Musk answered that an annualized production rate of three million vehicles should be achievable within 24 months. He added that the “single biggest expansion in production will be the Cyber Cab, which starts production in Q2 next year.” This will be a comfort-optimized automated transport vehicle, obviously targeting the cab market.
Using talk of computing power as a springboard, Musk then openly pondered whether the upcoming systems “might almost be too much intelligence for a car.” To address the decidedly first-world problem of owning a car “that might get bored,” the Tesla CEO went off on an interesting tangent about tapping into idle car processing power, effectively turning the Tesla fleet into a giant distributed inference network.
“One of the things I thought: if we got all these cars that maybe are bored… we could actually have a giant distributed inference fleet,” Musk said.
Obviously, plucking numbers from the air, the Tesla boss went on to optimistically project that this fleet could expand to, say, 100 million vehicles, with a baseline of a kilowatt of inference capability per vehicle. “That’s 100 gigawatts of inference distributed with power and cooling taken with cooling and power conversion taken care of,” Musk told the financial experts on the earnings call. “So that seems like a pretty significant asset.”
At its core, Musk’s idea beckons comparisons with classical distributed computing platforms, like SETI@home and Folding@home. But this Tesla fleet proposal could make an interesting commercial moon shoot idea for investors and business analysts.

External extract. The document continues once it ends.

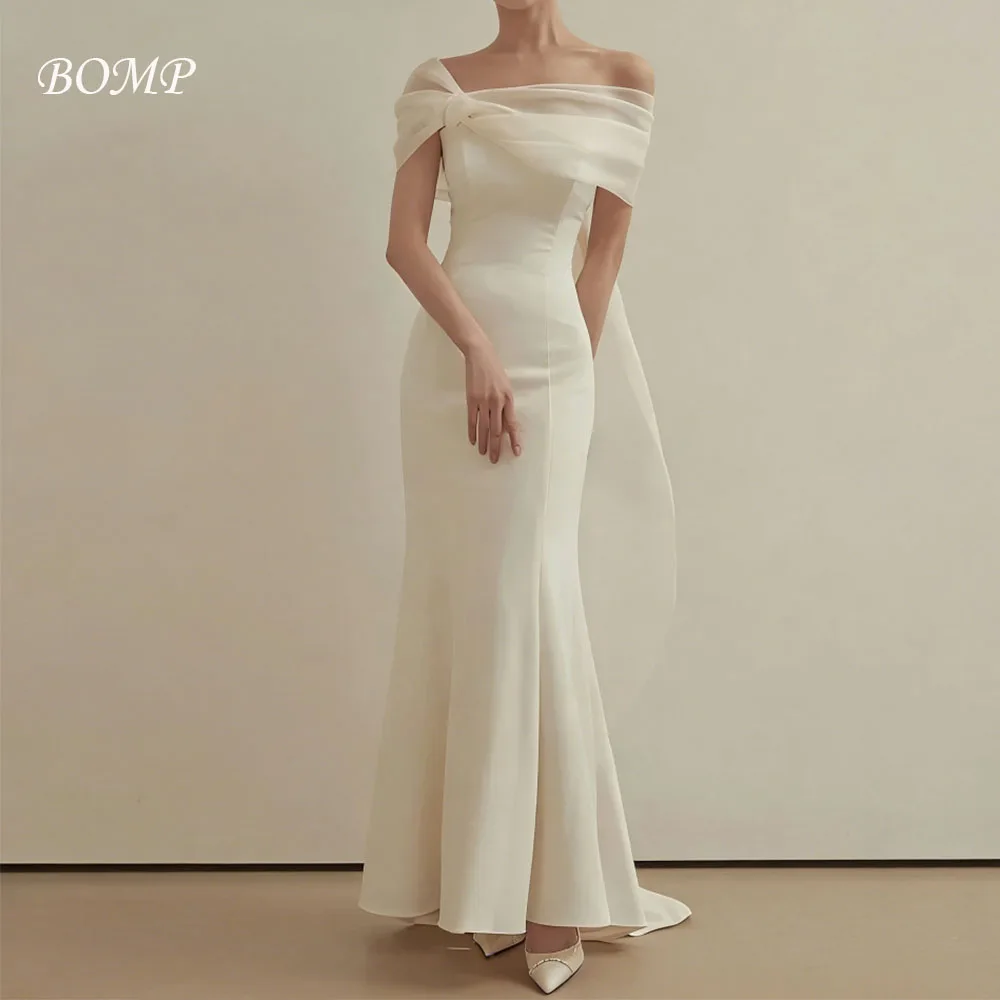 

BOMP Off Shoulder Korea Ivory Mermaid Wedding Dresses 웨딩드레스 Satin Short Sleeves Customized Pretty Bride Gowns Plus Size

Meanwhile, users will probably be more concerned about their bought and paid for vehicles being used for someone else’s advantage, perhaps using extra electricity, and their computer systems enduring longer heat stress, and so on. There’d probably have to be a clear benefit for end-users to incentivize them to sign up to such a compute power-sharing scheme.
(ed: This article is addressing the computing power within the vehicle but there is also the battery energy that is sitting idle most of the time.)